I woke up to that feeling. I felt unhinged before I even opened my eyes. I muttered prayers on the way to church:
may it lift? may it lift? But it didn't. And I was in no shape to meet God part way and keep myself in check.
The sermon rolled over me. Such a hauntingly sad message about the precious children of the church family and the damage that can be done through neglect and lack of love.
I became lost inside myself.
Where's the love? Jesus urges, rebukes, commands that we kneel down and peer into each pair of bright eyes and LOOK. SEE. TOUCH. He gives us a picture of himself with children nestled into his arms, but do we put ourselves in his place? Such an act is borne out of some scrap of interest, let alone deep love. But who cares enough? Who sees past the naughtiness? Or the family name? Or the manners? Who looks past it all to see a child? Just a child.

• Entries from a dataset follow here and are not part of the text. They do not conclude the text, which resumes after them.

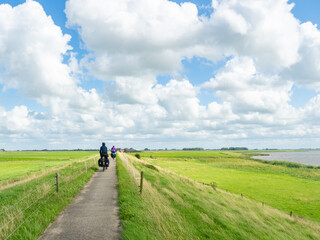 Friesland, Netherlands, August 8th 2023: Cycling on a small trail along a dyke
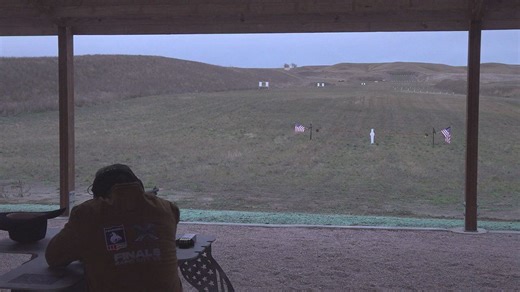 Governor Larry Rhoden shoots ribbon to open new shooting complex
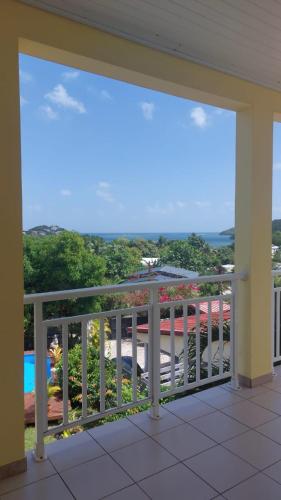 a view from the balcony of a house at F2 Vue sur mer La villa du manguier in Le Vauclin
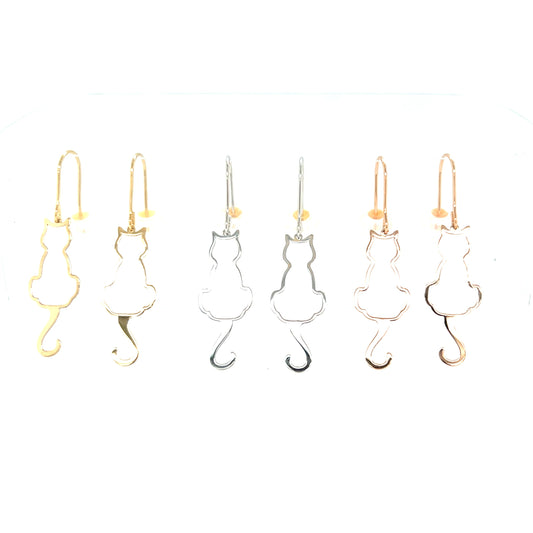 Cat-shaped drop earrings in gold and silver on a white background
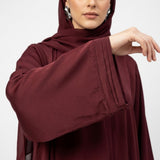 Close-up detail of Deep Maroon Pintuck Panel Gown showcasing vertical panel pintucks and heart studs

Without being able to sift through the finer points of my anger, I knew angry was what I was. So angry that even a child, who hasn't learned guile or even true unkindness, remains beneath the love of some. What hope is there then for me to earn the love of those who haven't yet given it? I will never ever reach such an elevated state of sanctification that I can again attain the pure, inoffensive, beguiling lovability of a child. I can't fight for this love! I can't win it!
***
Now, on this side of yesterday, I can see that I woke up lost in ME. And stayed lost in ME. The anger has dissipated, and it's place is fresh resolve to love where it may never be returned.